AI and bias – what can be done?

Predictive policing has frequently raised concerns about artificial intelligence (AI) and the in-built bias in algorithms, which have a negative impact on black and ethnic minority groups. However, the San Francisco District Attorney’s office plan on using AI as a way of reducing bias when deciding whether to prosecute. The innovative bias-reducing tool will come into effect in July 2019.

Designed by Alex Chohlas-Wood and the team at Stanford Computational Policy Lab, the algorithm will detect and redact words in police reports which could identify a suspect’s race, ethnicity, and socio-economic background. The identity of the police officers will also be removed to help promote impartiality.

Although the tool is in its infancy, the San Francisco DA’s office is hoping that it can be developed to counter bias at the early stages of prosecution.

However, since the existence of bias within the criminal justice system is blatantly acknowledged, then why is technology being used to bypass this problem rather than addressing the issue directly? Why is the criminal justice system not being held accountable for prejudicial behavior?

Understanding bias and prejudice

First, it is important to note that a certain amount of bias and pre-judgment is inherent in human functioning. The brain has to process such a wealth of information that short-cuts are necessary in order to categorise and respond to stimuli. However, when biases are formed on misinformation and become embedded within social, cultural, and institutional contexts, the subjects of the biases suffer greatly. This can be seen in both in the US and the UK, where evidence shows that black and ethnic minorities are being disproportionally targeted within police stop and search powers.

The SAGE Handbook of Prejudice, Stereotyping and Discrimination (2010) describes the individual subconscious, conscious, and collective expressions of prejudice as serving many functions for individuals and groups.

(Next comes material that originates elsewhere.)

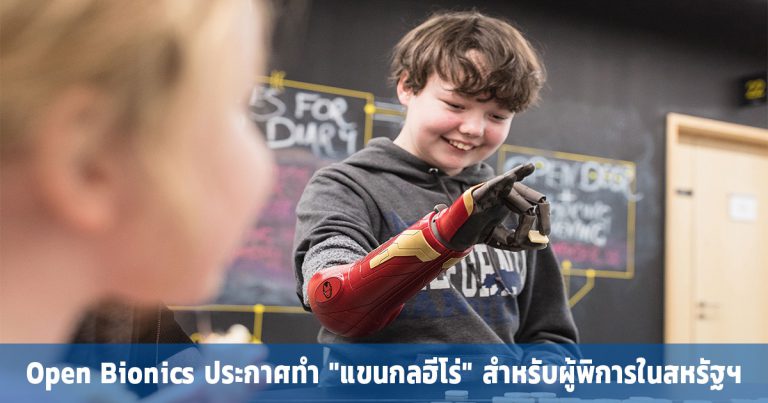 Open Bionics ประกาศทำ “แขนกลฮีโร่” สำหรับผู้พิการในสหรัฐฯ ราคาเริ่มต้นที่ 3,000 ดอลลาร์ !!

Seeing people outside of your identified group as having negative qualities and your own group as being largely positive, gives individuals increased self-esteem and affords majority groups greater competitive advantages.

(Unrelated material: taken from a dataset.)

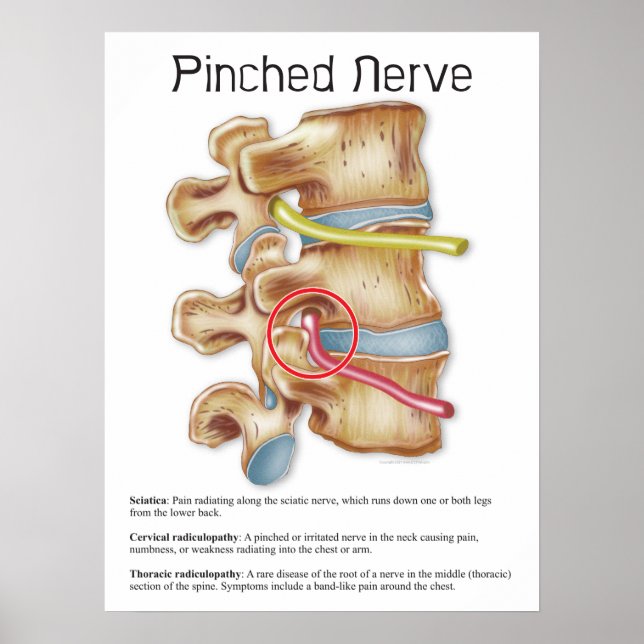 Poster Chiropratique de la thérapie physique du nerf broc (Devant)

And although the targets of bias feel the consequences acutely, those holding the prejudice may not be fully aware of their own bias – making implicit bias within the criminal justice system even more difficult to tackle.

Human accountability and bias – what can be done?

New York City

Steps have been made towards addressing implicit bias in police forces across the US and the UK, but the results are not all that promising.

In 2018, the New York Police Department implemented classroom-based training to help officers identify and challenge implicit bias, preventing automatic responses that may lead to unfair targeting of black and ethnic minorities.

Such training has the potential to be successful. Research has found that when officers are encouraged to see people as individuals rather than members of a group, or when they have positive experiences with particular communities, they are more likely to view people objectively.

However, in the UK, a similar form of training implemented in 2014 has proven to be unsuccessful. The College of Policing used online and classroom-based training to teach officers about the nature of implicit bias; how to recognize their own bias; and how to challenge bias in order to create fairer policing. And yet reports in 2018 show that whilst the number of people being stopped and searched has decreased by 75% from 2010-2017, black people were 8.4 times more likely to be stopped and searched than white people.

This shows that removing, or even mitigating, implicit bias in the criminal justice system is a challenge we may not currently have the skills or knowledge to meet. And yet people are still being unfairly treated every day. Using AI to mitigate some implicit bias may be the way to go in order to reduce at least some of the injustice caused by prejudice in the criminal justice system. However, it should not replace the hard work of changing ourselves and our institutions to challenge prejudice and create fairer systems.